» **What the task requires**: The records below are to be copied exactly, with every picture left out.
##### Data to process #####
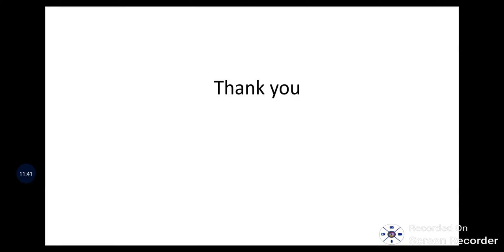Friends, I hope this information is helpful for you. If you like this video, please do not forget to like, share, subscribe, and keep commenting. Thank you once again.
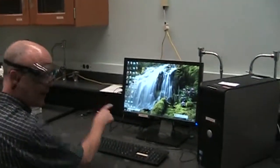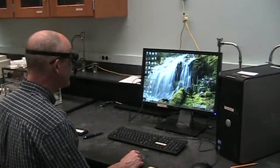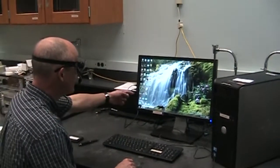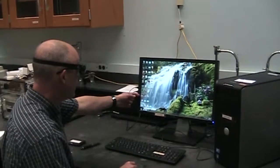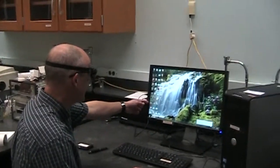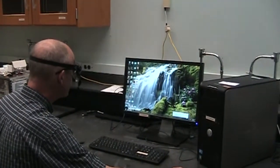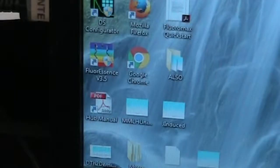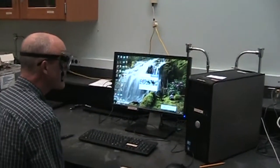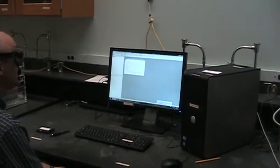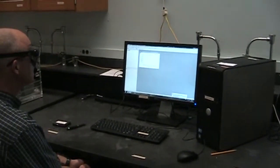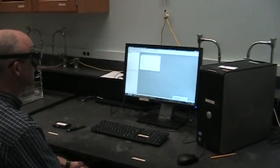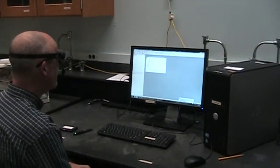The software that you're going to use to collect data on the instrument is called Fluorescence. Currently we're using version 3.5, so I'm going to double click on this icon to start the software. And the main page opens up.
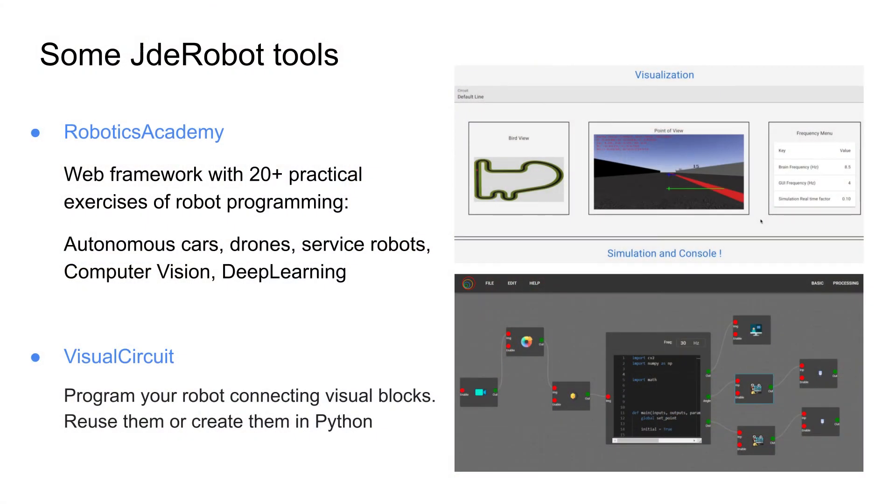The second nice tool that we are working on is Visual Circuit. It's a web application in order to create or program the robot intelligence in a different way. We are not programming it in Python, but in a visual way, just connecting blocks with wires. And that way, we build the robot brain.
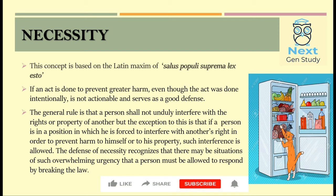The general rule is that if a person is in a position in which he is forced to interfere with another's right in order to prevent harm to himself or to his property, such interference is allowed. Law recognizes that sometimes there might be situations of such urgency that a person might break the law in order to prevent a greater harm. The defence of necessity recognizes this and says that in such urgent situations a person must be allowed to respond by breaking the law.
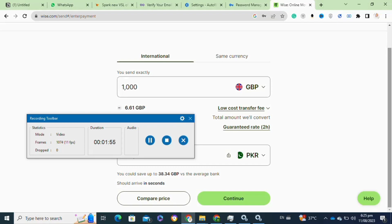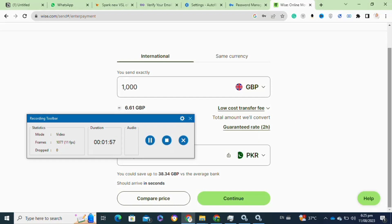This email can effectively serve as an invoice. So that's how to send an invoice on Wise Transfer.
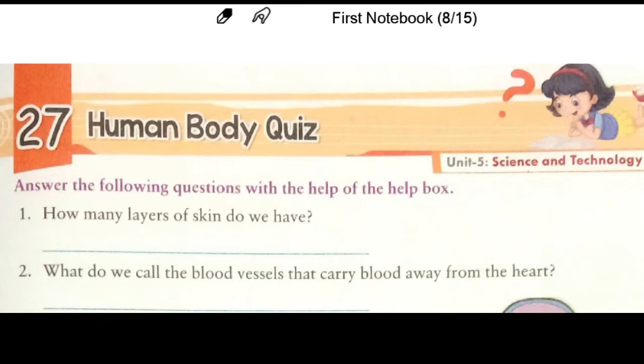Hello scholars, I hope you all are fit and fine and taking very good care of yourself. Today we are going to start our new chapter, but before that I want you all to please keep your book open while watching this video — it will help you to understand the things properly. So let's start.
#####
» **Exercise solution**:
Friends, I hope this information is helpful for you. If you like this video, please do not forget to like, share, subscribe, and keep commenting. Thank you once again.
The software that you're going to use to collect data on the instrument is called Fluorescence. Currently we're using version 3.5, so I'm going to double click on this icon to start the software. And the main page opens up.
The second nice tool that we are working on is Visual Circuit. It's a web application in order to create or program the robot intelligence in a different way. We are not programming it in Python, but in a visual way, just connecting blocks with wires. And that way, we build the robot brain.
The general rule is that if a person is in a position in which he is forced to interfere with another's right in order to prevent harm to himself or to his property, such interference is allowed. Law recognizes that sometimes there might be situations of such urgency that a person might break the law in order to prevent a greater harm. The defence of necessity recognizes this and says that in such urgent situations a person must be allowed to respond by breaking the law.
This email can effectively serve as an invoice. So that's how to send an invoice on Wise Transfer.
Hello scholars, I hope you all are fit and fine and taking very good care of yourself. Today we are going to start our new chapter, but before that I want you all to please keep your book open while watching this video — it will help you to understand the things properly. So let's start.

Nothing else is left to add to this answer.